Revenues to grow at 20%, OPM to improve gradually: The financial year 2013-14 can be considered as an aberration when TCPL's revenues had grown by just 6%, affected by a slowdown in the consumer goods segment (the growth rate of the FMCG sector moderated to single digits in the last two to three quarters of FY2014). With a stable government in place and improving sentiment against the backdrop of declining inflation and improving macro environment, we expect the consumer goods companies to grow at a faster rate in the coming years. Thus, we expect TCPL's revenues to grow at a CAGR of over 20% (with a volume growth of 18-20%). With better operating leverage, TCPL's operating profit margin would inch up to about 17% in the next two years (from ~15% in FY2014).

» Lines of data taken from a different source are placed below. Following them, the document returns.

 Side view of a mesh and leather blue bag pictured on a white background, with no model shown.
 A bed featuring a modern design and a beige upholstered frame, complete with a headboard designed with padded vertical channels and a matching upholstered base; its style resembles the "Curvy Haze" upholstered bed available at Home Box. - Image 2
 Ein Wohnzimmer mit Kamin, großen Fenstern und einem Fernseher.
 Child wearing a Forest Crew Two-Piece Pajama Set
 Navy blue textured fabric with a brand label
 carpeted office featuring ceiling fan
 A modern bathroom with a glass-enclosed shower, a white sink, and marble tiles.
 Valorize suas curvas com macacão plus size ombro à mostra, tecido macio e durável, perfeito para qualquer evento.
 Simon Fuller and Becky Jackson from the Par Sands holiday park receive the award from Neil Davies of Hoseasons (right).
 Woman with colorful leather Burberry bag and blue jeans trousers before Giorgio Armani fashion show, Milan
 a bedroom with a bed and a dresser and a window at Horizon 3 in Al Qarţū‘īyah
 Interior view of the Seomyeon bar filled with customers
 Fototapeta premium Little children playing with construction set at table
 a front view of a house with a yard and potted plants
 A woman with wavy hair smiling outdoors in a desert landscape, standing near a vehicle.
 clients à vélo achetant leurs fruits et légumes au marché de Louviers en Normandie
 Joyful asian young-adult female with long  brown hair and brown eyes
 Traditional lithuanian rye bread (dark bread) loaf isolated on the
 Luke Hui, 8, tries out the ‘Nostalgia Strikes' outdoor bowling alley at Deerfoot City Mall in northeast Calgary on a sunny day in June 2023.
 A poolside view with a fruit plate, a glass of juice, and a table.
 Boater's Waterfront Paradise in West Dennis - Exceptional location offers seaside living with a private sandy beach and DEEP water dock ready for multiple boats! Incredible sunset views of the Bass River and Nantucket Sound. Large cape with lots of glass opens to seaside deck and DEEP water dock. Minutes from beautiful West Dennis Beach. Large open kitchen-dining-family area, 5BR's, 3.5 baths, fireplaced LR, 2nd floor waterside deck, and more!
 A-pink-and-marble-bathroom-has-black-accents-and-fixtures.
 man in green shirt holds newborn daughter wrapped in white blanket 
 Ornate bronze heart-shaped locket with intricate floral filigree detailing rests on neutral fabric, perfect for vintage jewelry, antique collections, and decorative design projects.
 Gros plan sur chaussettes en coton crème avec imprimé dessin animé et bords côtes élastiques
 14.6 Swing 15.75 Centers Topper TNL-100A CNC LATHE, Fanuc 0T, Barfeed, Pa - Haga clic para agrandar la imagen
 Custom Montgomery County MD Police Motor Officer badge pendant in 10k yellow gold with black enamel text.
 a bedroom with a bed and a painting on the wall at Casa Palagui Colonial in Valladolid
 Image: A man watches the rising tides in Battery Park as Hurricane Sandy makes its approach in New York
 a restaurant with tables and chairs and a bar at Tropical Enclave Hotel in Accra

Comfortable balance sheet; return ratios to see strong traction ahead: Despite a greenfield expansion plan of Rs70 crore (to be funded through debt and internal accruals) in FY2015, the debt/equity ratio would remain unchanged at the current levels of about 1.5x. Going ahead, a strong earnings growth and better working capital management would lead to better cash flows. With no major capital expenditure plans over the next two to three years, we could see a substantial reduction in debt by FY2017. The reduction in debt will not only fuel a growth in the earnings (which are expected to grow at a CAGR of 55% over FY2014-17), but also result in healthy return ratios (making the company one of the better packaging companies compared with the peers).
Valuation at discount to peers, potential upside of 25-30%: A strong vision with a proven track record of the management, increasing market share with better supply chains, commissioning of a new facility (in Guhawati) and potential pick-up in volumes from its clients would significantly improve the growth prospects of TCPL in the near future. Further, an enhanced focus on introducing value-added products through different prototyping and exploring overseas opportunities by expanding the export reach would improve the financial performance of the company. At the current market price the stock is trading at 7.4x FY2016E earnings, which is at a discount to its industry peers. Hence, in view of the better earnings visibility and discounted valuations, we see scope for 25-30% returns from the current level.
Key risk: Any delay in pick-up in demand from the consumer goods companies or any increase in the prices of the key raw materials would affect the profitability and earnings of the company.